Just then Barker the palace dog bounced through the vegetable patch. Now Barker is quite a silly dog, and also quite greedy, and when he smelled chocolate, his big tongue hung out of his mouth and slobbered. Next he started to hunt for the eggs with his wet shiny nose. Each time he found an egg, he went “Woof, woof,” and before Bertie could do anything about it, he ate it up. Bertie thought that he ought to stop Barker eating all the eggs, but when you are a frog, and no longer a brave prince with a prince’s sword at your side, even a silly dog like Barker can seem quite frightening. So Bertie pretended not to notice Barker, and went on telling the other pond life stories about Easter time. When Barker had eaten six whole chocolate eggs, he started to dig a hole in the ground his paws, and he buried all the other eggs, and covered them up with earth.
The next morning was Easter Sunday, and after church, Princess Beatrice led all the children into the garden, and they started hunting for the eggs. They looked behind the cauliflower, the cabbages, and even behind the beetroot, although none of them wanted to go near the beetroot very much.
But they couldn’t find any of the eggs. Not a single one.
“Oh, that’s funny,” said Princess Beatrice. “I’m sure they are here somewhere.”
“These are stupid children,” said the her step-mother, who is very wicked and rather horrid.
And some of the children started to cry, because they were looking forward so very much to finding the eggs.
Colin the carp said, “Well now, Prince Bertie the Frog. Just see what you’ve done. You’ve upset the little children because you’re so greedy.”
Bertie thought that wasn’t very fair of Colin, especially as he knew that it was Barker the dog who had eaten most of the eggs. But he wasn’t in the mood to quarrel with a grumpy fish. He felt too sad, because he could see the children didn’t have any eggs. Then he had a great idea. “Come Barker,” he said, calling over to the silly dog.
He hopped onto Barker’s back, and told him to run to the palace kitchen. He was a bit nervous, because really he was a rather frightened of Barker, but he held on tight, and closed his eyes, and in a minute they were in the kitchens.
Now Bertie knew where the cook kept the special supply of eggs for the King, Bertie’s father, because sometimes, when Bertie was a prince, he used sneak into the kitchen and borrow one…although he never actually gave it back, on account of having eaten it.
He got Barker to pick up the bag of eggs in his mouth, and then they ran back to the vegetable patch.

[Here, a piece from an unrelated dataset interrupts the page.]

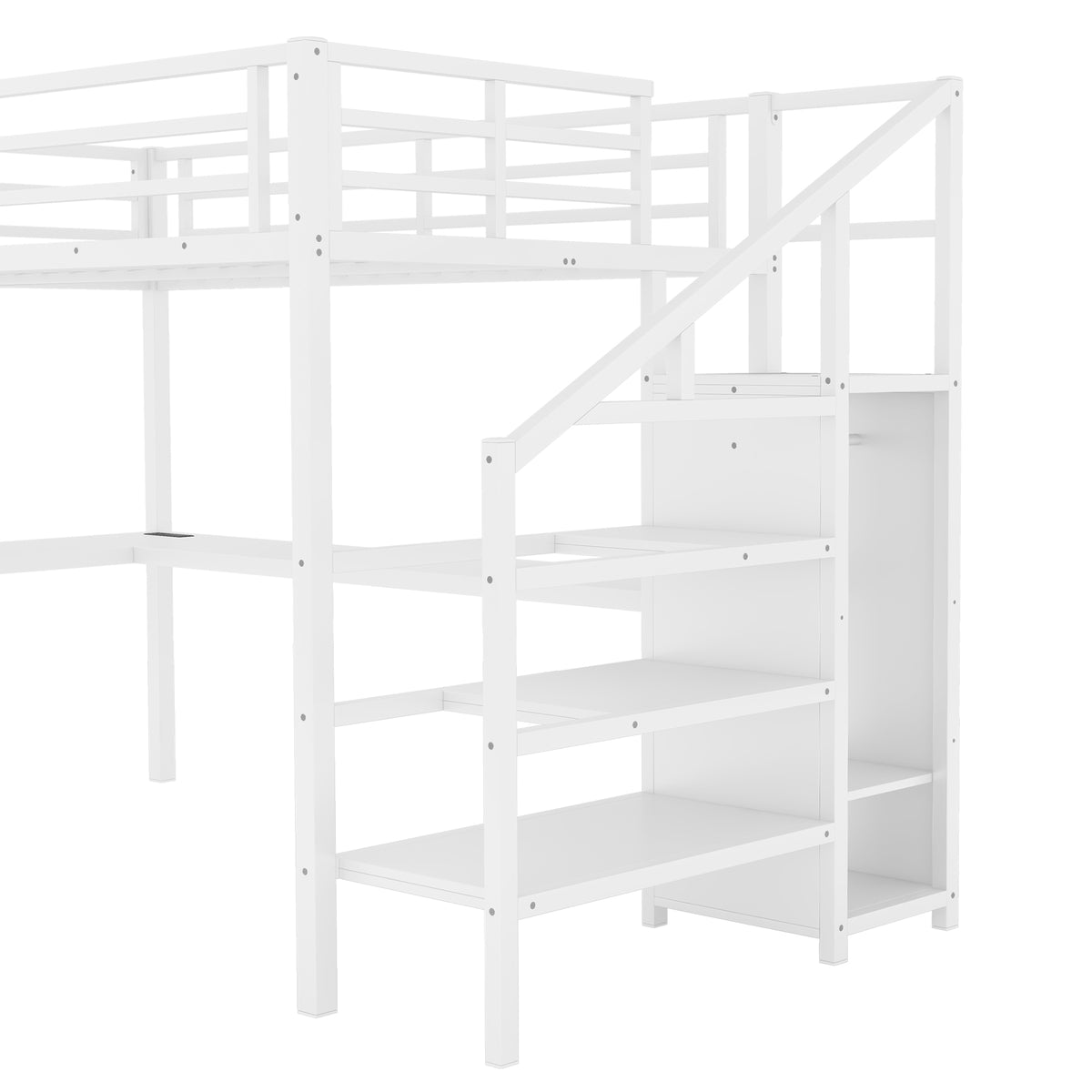 Ailinor white loft bed showing wardrobe and storage stairs detail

By the time they returned, all the children were crying, and even the lovely Princess Beatrice had tears in her gorgeous green eyes. Just then, Barker said “Woof Woof” because he was a rather silly dog, and that was what he always said when he saw somebody. As he opened his mouth, the bag fell down, and the eggs rolled out onto the ground.
“Found one,” shouted one of the children.
“Found one,” shouted another of the children.
And in the next few moments, each of the children had found an egg.
The children cheered and Barker pranced around and woofed excitedly. The lovely Princess Beatrice just happened to have some special doggy treats in her handbag, and she gave him a handful, which he licked up in no time.
“Oh Bertie, said Sadie the Swan. “That was so brave. You’ve made all the little children so thrilled.”
Now if you promise not to tell anybody, I’ll let you into a secret. Do you promise? Okay. Then I’ll tell you. That evening, after it began to get dark, Barker the dog sneaked down to the vegetable patch. He sniffed out the hole where he had buried the remaining eggs. Then he dug them up with his front paws and he and Bertie stuffed themselves on chocolate and jelly beans until they both felt quite sick – but very happy. So perhaps Barker isn’t such a silly dog after all.
And that’s the storynory of Bertie’s Easter Egg hunt.